» EXERCISE AIM: Look through the records, and whenever a line includes the word "Apartment", copy it.

SOURCE MATERIAL START

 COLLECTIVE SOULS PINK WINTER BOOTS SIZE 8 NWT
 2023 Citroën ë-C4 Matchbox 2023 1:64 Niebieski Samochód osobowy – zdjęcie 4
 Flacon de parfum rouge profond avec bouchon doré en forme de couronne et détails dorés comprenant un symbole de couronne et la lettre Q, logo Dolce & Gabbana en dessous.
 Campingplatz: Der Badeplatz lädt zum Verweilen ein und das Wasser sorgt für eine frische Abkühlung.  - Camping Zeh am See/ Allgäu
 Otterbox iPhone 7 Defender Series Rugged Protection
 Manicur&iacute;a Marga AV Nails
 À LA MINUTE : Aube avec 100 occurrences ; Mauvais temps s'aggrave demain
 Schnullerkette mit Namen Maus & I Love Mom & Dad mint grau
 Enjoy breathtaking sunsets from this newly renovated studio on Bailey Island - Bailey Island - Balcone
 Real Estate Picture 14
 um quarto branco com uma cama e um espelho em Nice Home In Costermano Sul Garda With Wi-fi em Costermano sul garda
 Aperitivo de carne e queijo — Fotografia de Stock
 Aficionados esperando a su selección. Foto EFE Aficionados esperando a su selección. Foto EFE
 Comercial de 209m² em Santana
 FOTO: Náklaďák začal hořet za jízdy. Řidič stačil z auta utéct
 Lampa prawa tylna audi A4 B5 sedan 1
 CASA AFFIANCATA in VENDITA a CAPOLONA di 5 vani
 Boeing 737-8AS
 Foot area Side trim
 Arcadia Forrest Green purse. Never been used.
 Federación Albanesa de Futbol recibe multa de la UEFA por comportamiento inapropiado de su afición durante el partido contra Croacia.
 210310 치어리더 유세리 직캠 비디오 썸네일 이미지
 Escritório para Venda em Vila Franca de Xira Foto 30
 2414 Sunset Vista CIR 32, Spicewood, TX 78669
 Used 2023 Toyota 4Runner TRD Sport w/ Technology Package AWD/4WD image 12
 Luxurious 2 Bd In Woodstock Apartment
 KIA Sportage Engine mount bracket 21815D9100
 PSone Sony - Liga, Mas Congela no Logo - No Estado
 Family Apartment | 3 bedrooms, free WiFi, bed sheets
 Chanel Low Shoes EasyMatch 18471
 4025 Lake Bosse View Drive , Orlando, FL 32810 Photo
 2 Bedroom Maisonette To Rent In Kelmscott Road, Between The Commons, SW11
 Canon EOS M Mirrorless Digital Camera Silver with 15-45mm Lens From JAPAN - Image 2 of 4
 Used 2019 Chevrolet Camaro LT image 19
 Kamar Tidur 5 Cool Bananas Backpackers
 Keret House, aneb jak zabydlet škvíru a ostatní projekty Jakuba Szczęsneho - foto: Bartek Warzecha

SOURCE MATERIAL END

» RESPONSE:
 Luxurious 2 Bd In Woodstock Apartment
 Family Apartment | 3 bedrooms, free WiFi, bed sheets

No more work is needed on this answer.